OK, the reason I could tell the difference so easily, as is the case in so many experiments, I had a flawed assumption, and mis-prepaired the samples, so what I thought I was testing I was not, but instead testing something else entirely.
I've had the discussion about sampling rates numerous times, and had even done the math to show what I believed to be correct. But as I said above, what I believed was not what the Nyquist Sampling Theorem actually says.
I always heard talk of the Nyquist limit, that being half of the sampling rate. That's not the whole picture. In my own calculations I saw trouble if a signal was right at the half-way point (like encoding a 24kHz sine wave at 48kHz), or if there was any harmonic content above the limit.

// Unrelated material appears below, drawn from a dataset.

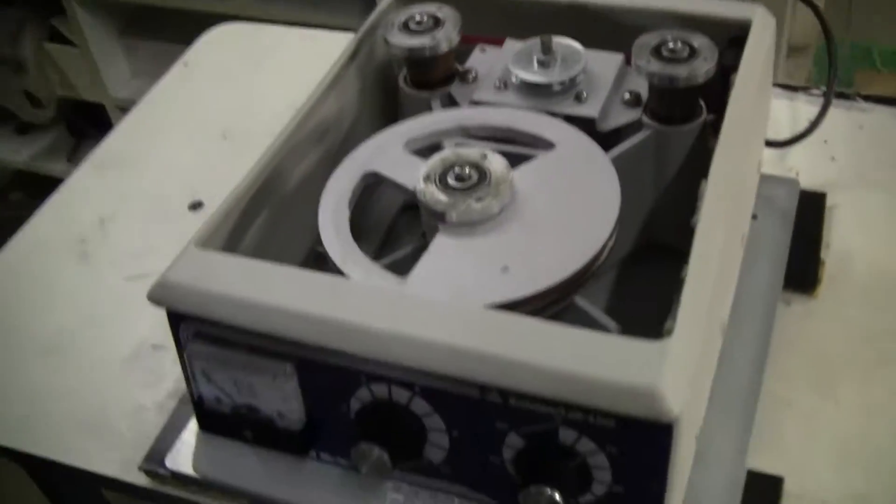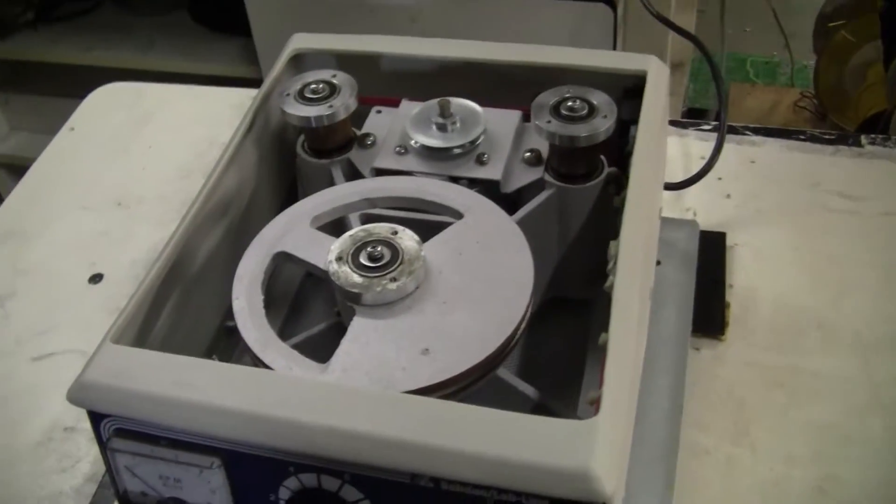Hi, this is Michael from HitechTrader. We just wanted to do a short demonstration. What happens typically with these units is that the belt goes bad.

Turns out Nyquist had already accounted for these cases, and specifically excludes them from the theory. From Wikipedia, "the theorem shows that a bandlimited analog signal can be perfectly reconstructed from an infinite sequence of samples if the sampling rate exceeds 2B samples per second, where B is the highest frequency of the original signal." There's a lot of information in that little blurb. One, the sampling rate must exceed twice the highest frequency. So the 24kHz wave can't be perfectly reconstructed if you sample it 48,000 times a second, it must exceed 48k. The other, the signal must be bandlimited. That means the signal must contain no content at or above half the sampling rate.

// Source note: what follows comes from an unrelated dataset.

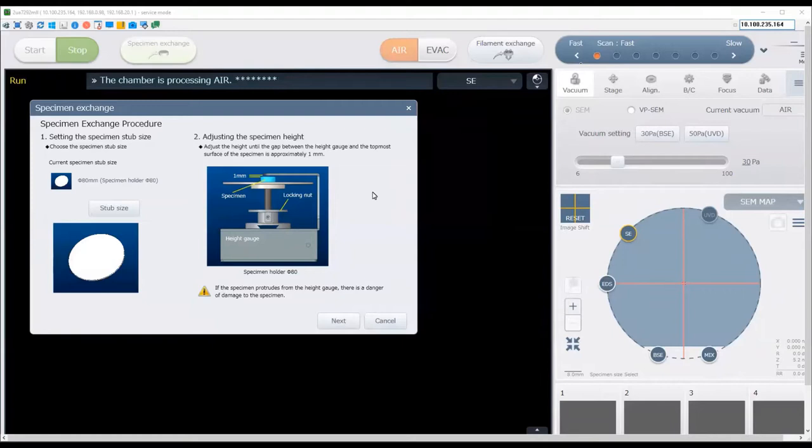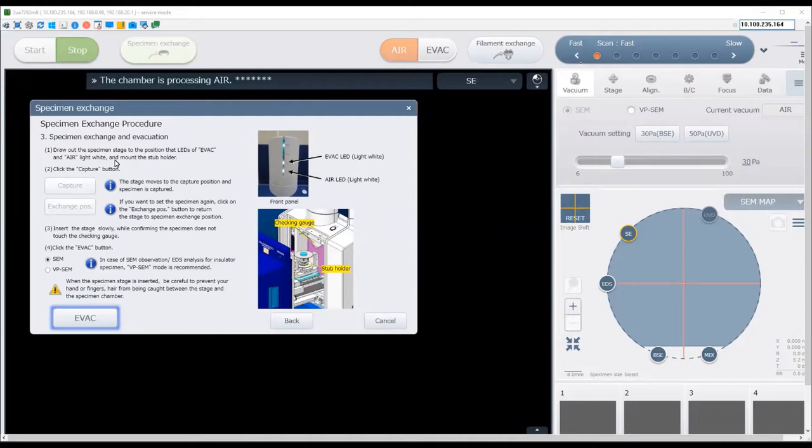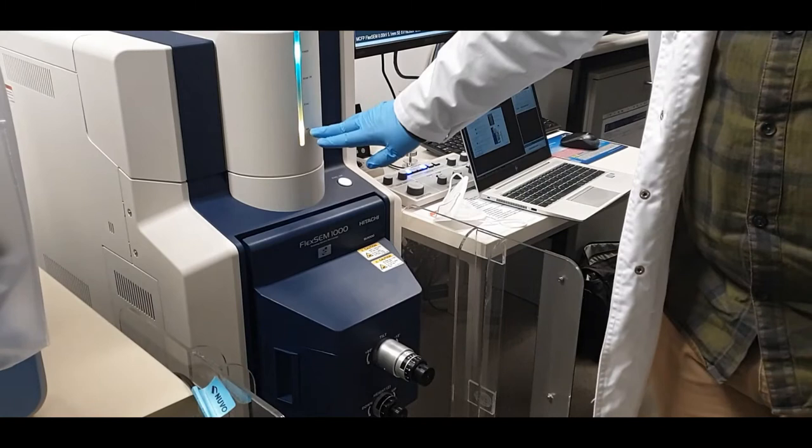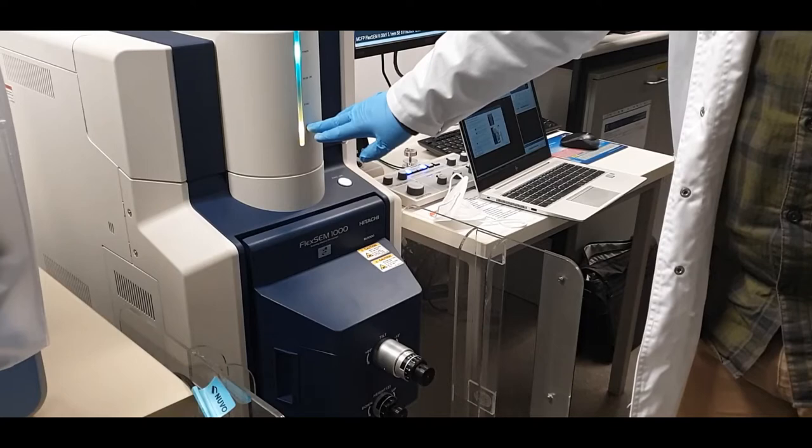You will see a specimen height diagram, which is a reminder of the process we followed to mount the samples — set the specimen height one millimetre from the top of the height gauge. Assuming you have done this correctly, click next. Now wait for the chamber to be completely vented. Once the air light stops flashing and you hear three beeps, the instrument is ready for you to open the door.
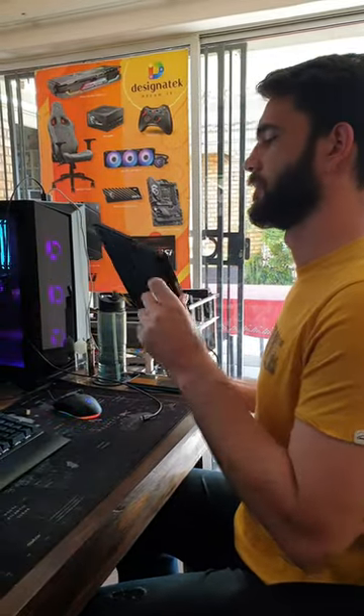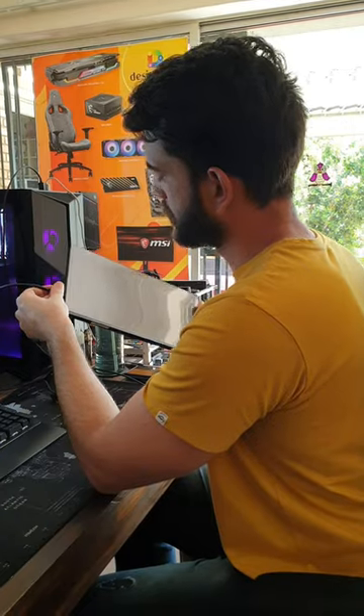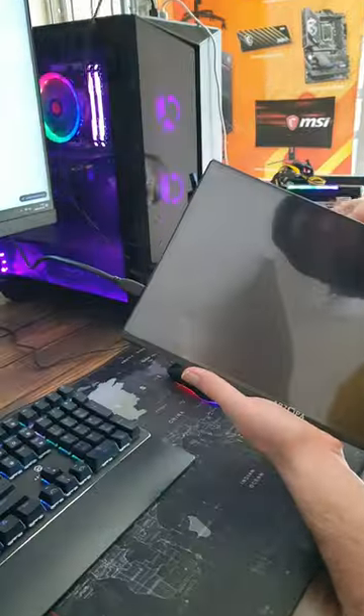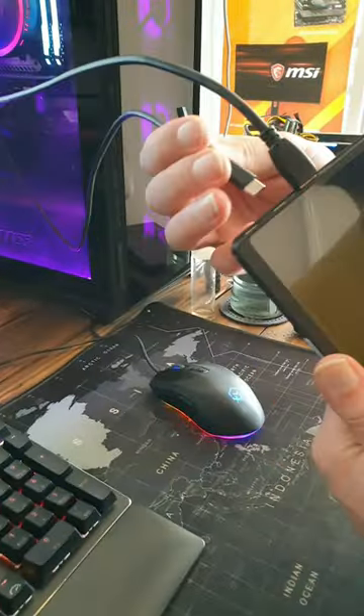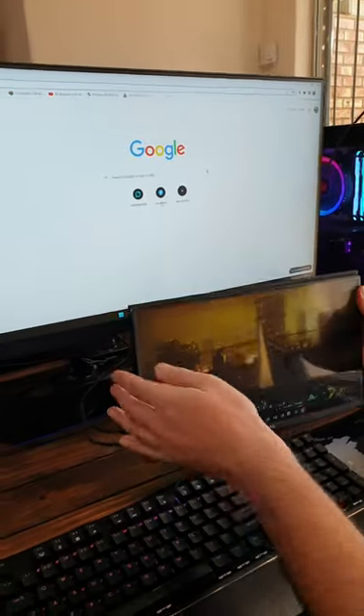Have you seen the new Designatech Azorpa monitor? This monitor is a 1080p 60Hz, all powered by USB-C and HDMI to mini HDMI. It connects seamlessly with your smartphone via USB-C to USB-C. It is perfect and ideal for load shedding to keep yourself entertained.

So my test of a saw wave at 10k, was not valid. I picked that waveform because of it's harmonic content so there'd be something to hear in the upper octaves. It contains both even and odd harmonics. But that means the 10k fundamental had considerable content at 20k, 30k, 40k, and beyond. The first odd harmonic (30k) had already exceeded the limits of what the Sampling Theorem stipulated.

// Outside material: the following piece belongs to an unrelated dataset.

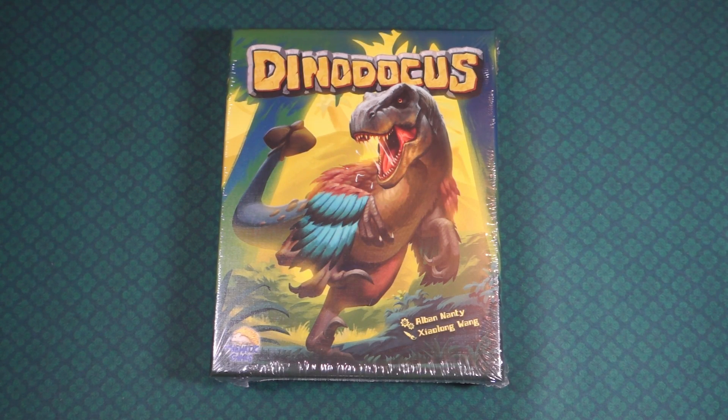Hello and welcome to What's in the Box here at Mapping Key Gaming. My name is Emmanuel and today we are going to be looking at Dinodocus — a game about dinosaurs.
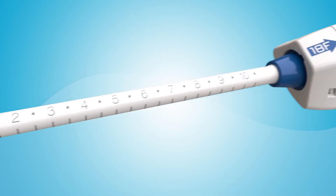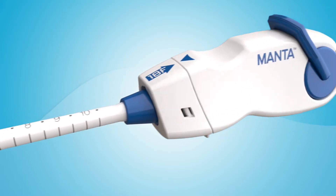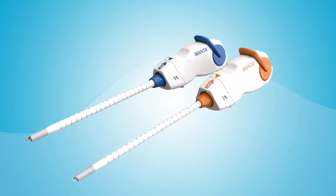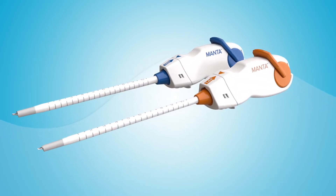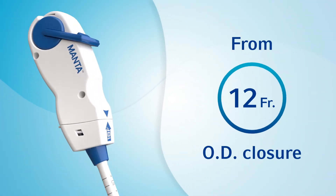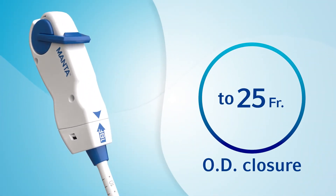Enter a new era in large-bore closure with the Manta Vascular Closure Device, a device designed specifically for closure of large-bore femoral arterial access sites following the use of devices or sheaths ranging from 12 to 25 French outer diameter.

What happens when you have content beyond the Nyquist limit when sampling, is you get strange aliasing artifacts. It's a 1D interference pattern, you get peaks where they shouldn't be. Choose a different sampling rate and you get a completely different pattern of bad data, but it all sounds similar enough to saw-tooth harmonics that if you were to play only one sample it'd seem reasonable enough that what you were hearing was right. But when you sample exactly the same data at a different rate and get you get different harmonic content. It's obvious something is wrong.
So yeah, my ABX trial was fine, the data I was testing was produced by a incorrect premise. I'm trying to come up with a valid trial, but I need a lot of harmonic content to be audible, but can't have any of it reach or exceed 24kHz.